AIM OF THE TASK: Which lines in the records below mention the word "Toyota"? Copy each one out.

GIVEN RECORDS:
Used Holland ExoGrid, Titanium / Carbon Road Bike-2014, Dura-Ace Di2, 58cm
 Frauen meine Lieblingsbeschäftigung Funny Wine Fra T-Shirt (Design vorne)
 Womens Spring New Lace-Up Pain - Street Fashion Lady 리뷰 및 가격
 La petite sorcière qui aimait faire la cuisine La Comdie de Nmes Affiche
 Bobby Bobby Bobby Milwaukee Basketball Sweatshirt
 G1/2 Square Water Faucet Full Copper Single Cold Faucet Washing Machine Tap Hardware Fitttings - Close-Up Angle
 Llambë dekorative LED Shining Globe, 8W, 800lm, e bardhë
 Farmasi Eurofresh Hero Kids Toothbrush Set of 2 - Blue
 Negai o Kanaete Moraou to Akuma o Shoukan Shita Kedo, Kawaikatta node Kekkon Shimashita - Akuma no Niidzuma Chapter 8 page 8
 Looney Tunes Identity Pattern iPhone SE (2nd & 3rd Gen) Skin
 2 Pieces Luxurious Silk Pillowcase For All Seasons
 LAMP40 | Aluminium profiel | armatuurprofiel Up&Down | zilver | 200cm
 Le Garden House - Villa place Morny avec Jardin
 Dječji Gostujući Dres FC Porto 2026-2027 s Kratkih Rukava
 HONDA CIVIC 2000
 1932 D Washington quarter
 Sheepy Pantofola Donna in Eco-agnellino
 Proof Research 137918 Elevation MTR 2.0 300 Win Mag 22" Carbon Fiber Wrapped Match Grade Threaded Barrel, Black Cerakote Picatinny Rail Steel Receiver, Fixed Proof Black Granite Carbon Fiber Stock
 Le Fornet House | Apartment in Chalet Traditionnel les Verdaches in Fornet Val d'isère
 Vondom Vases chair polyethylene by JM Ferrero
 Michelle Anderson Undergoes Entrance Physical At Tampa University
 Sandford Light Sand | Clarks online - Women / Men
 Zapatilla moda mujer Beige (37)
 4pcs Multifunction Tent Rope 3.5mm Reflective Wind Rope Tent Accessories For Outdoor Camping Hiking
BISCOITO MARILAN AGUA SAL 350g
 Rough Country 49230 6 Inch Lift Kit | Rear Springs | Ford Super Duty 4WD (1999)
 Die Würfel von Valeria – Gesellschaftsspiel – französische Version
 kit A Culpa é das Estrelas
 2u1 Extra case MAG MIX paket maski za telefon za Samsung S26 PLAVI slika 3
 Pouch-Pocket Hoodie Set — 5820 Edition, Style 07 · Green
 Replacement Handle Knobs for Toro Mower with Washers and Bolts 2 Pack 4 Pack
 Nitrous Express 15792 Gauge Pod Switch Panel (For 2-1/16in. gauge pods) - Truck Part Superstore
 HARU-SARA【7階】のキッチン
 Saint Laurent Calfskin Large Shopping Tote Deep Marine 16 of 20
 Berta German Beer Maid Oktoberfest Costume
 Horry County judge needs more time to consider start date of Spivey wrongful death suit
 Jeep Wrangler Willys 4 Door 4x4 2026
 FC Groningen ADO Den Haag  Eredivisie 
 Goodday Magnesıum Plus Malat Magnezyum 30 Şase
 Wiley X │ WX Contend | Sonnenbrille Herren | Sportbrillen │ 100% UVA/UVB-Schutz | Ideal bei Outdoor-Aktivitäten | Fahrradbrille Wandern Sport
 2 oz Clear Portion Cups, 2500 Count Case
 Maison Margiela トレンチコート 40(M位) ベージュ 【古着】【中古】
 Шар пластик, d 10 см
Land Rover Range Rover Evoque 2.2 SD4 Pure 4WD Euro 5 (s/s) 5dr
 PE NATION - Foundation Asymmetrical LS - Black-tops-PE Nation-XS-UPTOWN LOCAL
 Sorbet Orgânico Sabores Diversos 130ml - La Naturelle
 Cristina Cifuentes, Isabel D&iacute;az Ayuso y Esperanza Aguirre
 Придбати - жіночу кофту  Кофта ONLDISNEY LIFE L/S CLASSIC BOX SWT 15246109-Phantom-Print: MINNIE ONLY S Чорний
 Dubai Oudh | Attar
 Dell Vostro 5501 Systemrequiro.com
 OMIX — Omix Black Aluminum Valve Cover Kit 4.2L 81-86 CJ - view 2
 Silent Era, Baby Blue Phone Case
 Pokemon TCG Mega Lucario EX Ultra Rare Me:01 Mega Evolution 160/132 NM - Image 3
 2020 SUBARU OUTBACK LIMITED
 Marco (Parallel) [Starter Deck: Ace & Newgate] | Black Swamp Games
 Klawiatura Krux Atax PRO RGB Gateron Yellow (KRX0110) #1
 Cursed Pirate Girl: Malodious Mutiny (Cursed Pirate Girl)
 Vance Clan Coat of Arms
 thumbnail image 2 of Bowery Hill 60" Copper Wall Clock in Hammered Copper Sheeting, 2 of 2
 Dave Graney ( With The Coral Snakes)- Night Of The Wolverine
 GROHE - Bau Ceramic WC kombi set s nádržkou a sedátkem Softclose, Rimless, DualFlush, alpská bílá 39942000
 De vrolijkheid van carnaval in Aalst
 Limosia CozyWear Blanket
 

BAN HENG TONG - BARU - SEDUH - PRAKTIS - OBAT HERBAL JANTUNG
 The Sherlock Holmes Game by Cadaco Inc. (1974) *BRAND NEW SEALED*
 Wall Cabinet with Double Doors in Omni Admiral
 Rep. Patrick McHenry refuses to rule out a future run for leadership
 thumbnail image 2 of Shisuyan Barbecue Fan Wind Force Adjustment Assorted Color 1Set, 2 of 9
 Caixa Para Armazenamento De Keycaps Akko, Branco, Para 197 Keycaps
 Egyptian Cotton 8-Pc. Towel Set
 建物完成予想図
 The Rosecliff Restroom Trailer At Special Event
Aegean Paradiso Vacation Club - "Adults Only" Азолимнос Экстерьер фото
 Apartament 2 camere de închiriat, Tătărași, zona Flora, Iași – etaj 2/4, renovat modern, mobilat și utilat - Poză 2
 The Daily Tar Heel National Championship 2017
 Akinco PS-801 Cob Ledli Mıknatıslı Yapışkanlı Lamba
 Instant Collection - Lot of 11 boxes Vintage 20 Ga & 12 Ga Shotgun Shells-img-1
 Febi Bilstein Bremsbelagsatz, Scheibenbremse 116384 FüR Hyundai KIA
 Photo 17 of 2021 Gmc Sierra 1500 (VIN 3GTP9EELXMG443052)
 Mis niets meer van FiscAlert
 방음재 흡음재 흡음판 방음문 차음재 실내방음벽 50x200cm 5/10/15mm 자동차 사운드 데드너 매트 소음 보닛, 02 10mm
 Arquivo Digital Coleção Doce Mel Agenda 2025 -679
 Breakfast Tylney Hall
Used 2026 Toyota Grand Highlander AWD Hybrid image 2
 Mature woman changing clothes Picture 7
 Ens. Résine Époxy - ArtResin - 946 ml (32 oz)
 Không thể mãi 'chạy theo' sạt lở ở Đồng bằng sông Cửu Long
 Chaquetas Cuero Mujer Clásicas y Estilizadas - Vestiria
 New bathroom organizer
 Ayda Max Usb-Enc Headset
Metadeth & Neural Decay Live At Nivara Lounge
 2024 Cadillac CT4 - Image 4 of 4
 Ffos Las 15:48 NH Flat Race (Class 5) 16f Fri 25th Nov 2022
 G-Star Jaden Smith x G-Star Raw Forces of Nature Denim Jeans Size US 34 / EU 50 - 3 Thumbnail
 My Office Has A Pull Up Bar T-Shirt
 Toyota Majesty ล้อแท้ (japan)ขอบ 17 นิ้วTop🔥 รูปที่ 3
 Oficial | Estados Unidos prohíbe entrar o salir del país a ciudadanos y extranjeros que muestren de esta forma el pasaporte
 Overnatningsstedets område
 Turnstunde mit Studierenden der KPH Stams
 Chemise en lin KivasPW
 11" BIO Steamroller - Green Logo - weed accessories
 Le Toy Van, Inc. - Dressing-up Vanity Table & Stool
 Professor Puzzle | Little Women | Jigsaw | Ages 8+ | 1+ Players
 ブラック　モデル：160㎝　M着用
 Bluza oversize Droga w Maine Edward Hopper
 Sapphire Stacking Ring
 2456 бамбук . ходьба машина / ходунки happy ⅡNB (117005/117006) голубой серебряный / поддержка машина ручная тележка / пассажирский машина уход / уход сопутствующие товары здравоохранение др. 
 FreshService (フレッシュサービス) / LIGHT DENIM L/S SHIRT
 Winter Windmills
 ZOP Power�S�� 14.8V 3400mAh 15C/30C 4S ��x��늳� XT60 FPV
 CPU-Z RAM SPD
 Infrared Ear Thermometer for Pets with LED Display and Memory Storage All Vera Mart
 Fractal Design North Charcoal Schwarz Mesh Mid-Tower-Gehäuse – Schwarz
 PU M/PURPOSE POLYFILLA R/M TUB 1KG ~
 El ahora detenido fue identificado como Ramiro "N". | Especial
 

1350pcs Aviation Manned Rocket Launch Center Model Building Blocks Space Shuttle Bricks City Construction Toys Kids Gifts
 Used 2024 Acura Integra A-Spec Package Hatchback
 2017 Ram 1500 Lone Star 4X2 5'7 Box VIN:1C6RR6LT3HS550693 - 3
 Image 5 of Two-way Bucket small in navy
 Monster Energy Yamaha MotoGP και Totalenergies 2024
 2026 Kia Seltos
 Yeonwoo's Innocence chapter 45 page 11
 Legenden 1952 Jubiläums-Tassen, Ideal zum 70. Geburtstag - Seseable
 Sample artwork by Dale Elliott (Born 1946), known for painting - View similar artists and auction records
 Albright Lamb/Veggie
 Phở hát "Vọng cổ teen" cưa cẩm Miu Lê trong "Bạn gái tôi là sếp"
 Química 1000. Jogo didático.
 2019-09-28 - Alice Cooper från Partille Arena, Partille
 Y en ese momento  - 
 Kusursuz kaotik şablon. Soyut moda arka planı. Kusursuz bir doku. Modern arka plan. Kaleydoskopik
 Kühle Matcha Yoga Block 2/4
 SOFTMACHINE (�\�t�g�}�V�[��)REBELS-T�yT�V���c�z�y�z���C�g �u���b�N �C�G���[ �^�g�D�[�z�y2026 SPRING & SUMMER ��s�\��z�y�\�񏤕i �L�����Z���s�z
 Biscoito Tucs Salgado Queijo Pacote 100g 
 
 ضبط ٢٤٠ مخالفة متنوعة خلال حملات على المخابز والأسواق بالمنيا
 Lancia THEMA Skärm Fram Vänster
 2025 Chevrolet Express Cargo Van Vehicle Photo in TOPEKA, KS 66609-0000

THE ANSWER:
Used 2026 Toyota Grand Highlander AWD Hybrid image 2
 Toyota Majesty ล้อแท้ (japan)ขอบ 17 นิ้วTop🔥 รูปที่ 3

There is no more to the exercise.